4. Aaron Brooks, Rockets
With Yao Ming out and Tracy McGrady hobbled, the Rockets don’t have a whole lot of offensive options and Brooks is one of the best shooters the team has. He averaged 11.2 points in 25 minutes per game last season. If he gets 32-35 minutes per game, he should average somewhere in the 14-16 ppg range.

5. Louis Williams, 76ers
He’s a very different player than Andre Miller, the guy he’s being asked to replace. He isn’t going to drop a lot of dimes, but the guy can score, and if he gets starter’s minutes his averages are going to jump. In the preseason, he’s averaging 14.9 ppg in 27 minutes of PT.

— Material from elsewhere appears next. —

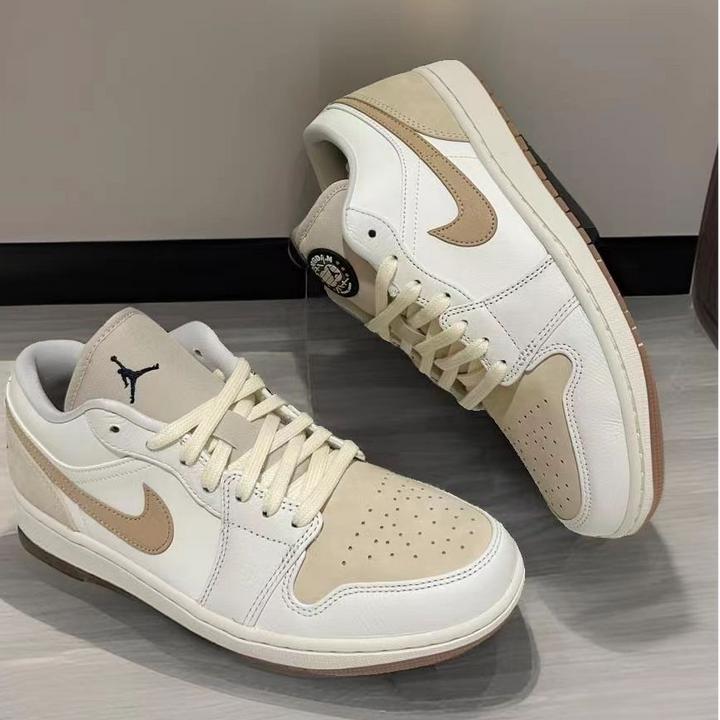 Air Jordan 1 女款低帮白棕复古百搭休闲板鞋运动篮球鞋官方正品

6. Courtney Lee / Chris Douglas-Roberts, Nets
I’m listing them both because it’s not clear which will be the Nets’ starting shooting guard on opening day. It may not matter because the other might be the starting small forward. In the preseason, CDM and Lee are averaging 18.5 ppg and 17.0 ppg, respectively. While Devin Harris and Brook Lopez are likely to lead the Nets in scoring, Lee and Douglas-Roberts could both average 12-14 ppg.

7. J.R. Smith, Nuggets
Smith has already had a breakout year (in his first season with the Nuggets), but the departure of Dahntay Jones gives Smith the chance to start. George Karl started Jones last season because of his commitment to defense, so it’s just as likely that he finds another defensive-oriented off guard to fill that vacated role. Smith has the talent to start, but can he keep his head on straight and play enough defense to keep Karl happy? (By the way, he’s suspended for the first seven games.)

8. Channing Frye, Suns
After a nice rookie season (12p/6r) in New York, Frye wasn’t as good in his second season and landed in Portland where he didn’t get much run. Now he’s the starting center in Phoenix and is averaging 12.3 points and 4.0 rebounds in 26.8 minutes of playing time. The Suns are awfully thin on the front line, so I wouldn’t be surprised if Frye ends up playing 30-35 minutes a game.

9. Julian Wright, Hornets
While he isn’t shooting particularly well (41%) in the preseason, it appears that Byron Scott has finally given up on Peja Stojakovic and is ready to hand over the keys to Wright, who has started all six preseason games in which he has appeared. He’s a great athlete and versatile player, but the big mystery with Wright is his three-point shooting. He hit 10-24 attempts in his rookie season, but just 2-21 in his second year. The Hornets need shooters for Chris Paul to pass to, so if Wright doesn’t start knocking down shots, Scott might go back to Peja.

10. Hakim Warrick, Bucks
Warrick is leading the Bucks in preseason scoring with 14.4 ppg. He’ll battle with Luc Mbah a Moute, Carlos Delfino, Ersan Ilyasova and Joe Alexander for minutes. Scott Skiles will likely start Mbah a Moute at one forward spot because he’s a great defender, but the other is up for grabs. Regardless, Warrick should get plenty of minutes and is on a one-year contract, so he’s very motivated.